Here is the latest news from The Associated Press at 11:40 p.m. EST

By The Associated Press | Updated - Feb 17th, 2019 @ 9:41pm | Posted - Feb 16th, 2019 @ 10:41pm

WEST PALM BEACH, Fla. (AP) — Congress is likely to challenge President Donald Trump's national emergency declaration and various groups are taking legal action to block it. California Attorney General Xavier Becerra has also threatened legal action to block the emergency declaration. Adviser Stephen Miller tells "Fox News Sunday" that Trump is prepared to issue the first veto of his term if Congress tries to block his declaration of an emergency along the U.S.-Mexico border.

CHICAGO (AP) — Chicago police said Sunday they're still seeking a follow-up interview with Jussie Smollett after receiving new information that "shifted" their investigation of a reported attack on the "Empire" actor. Police spokesman Anthony Guglielmi said Saturday that the trajectory of the investigation "shifted" after detectives questioned two brothers about the attack and released them late Friday without charges.

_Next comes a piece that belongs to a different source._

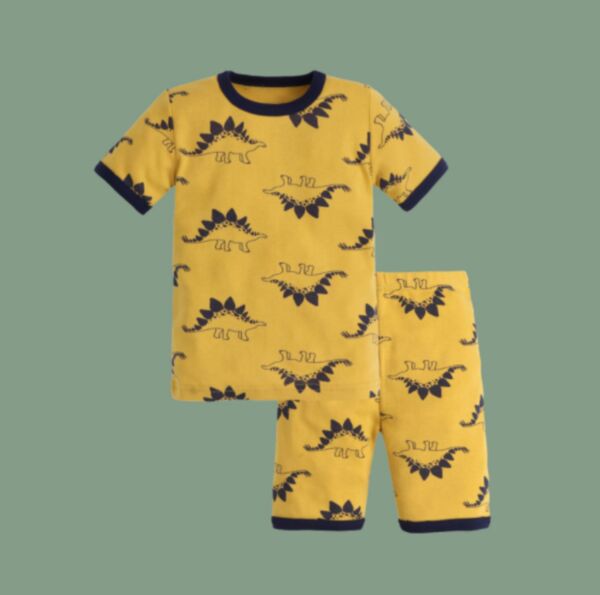 2-12Y Dinasaur Print Short Sleeve Tops And Shorts Set Two Pieces Wholesale Kids Boutique Clothing KSV492613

NEW YORK (AP) — British lawmakers are accusing Facebook of intentionally violating privacy and anti-competition laws in the U.K., and calling for greater oversight of social media companies in a scathing report issued Monday. The parliamentary committee that prepared the report says social media sites should have to follow a mandatory code of ethics overseen by an independent regulator to better control harmful or illegal content.

WASHINGTON (AP) — Former FBI Deputy Director Andrew McCabe said in an interview that aired Sunday that a "crime may have been committed" when President Donald Trump fired the head of the FBI and tried to publicly undermine an investigation into his campaign's ties to Russia. McCabe also said in the interview with "60 Minutes" that the FBI had good reason to investigate whether Trump was in league with Russia, and a possible national security threat, following the May 2017 firing of then-FBI Director James Comey.

TOKYO (AP) — Japanese Prime Minister Shinzo Abe and his chief spokesman have declined to say if Abe nominated President Donald Trump for the Nobel Peace Prize. Abe noted that the Nobel committee does not disclose the parties behind nominations for a half-century. He said, "I thus decline comment." The government's top spokesman told reporters Japan highly valued Trump's efforts on North Korea's nuclear disarmament, but he echoed Abe in refusing other comment.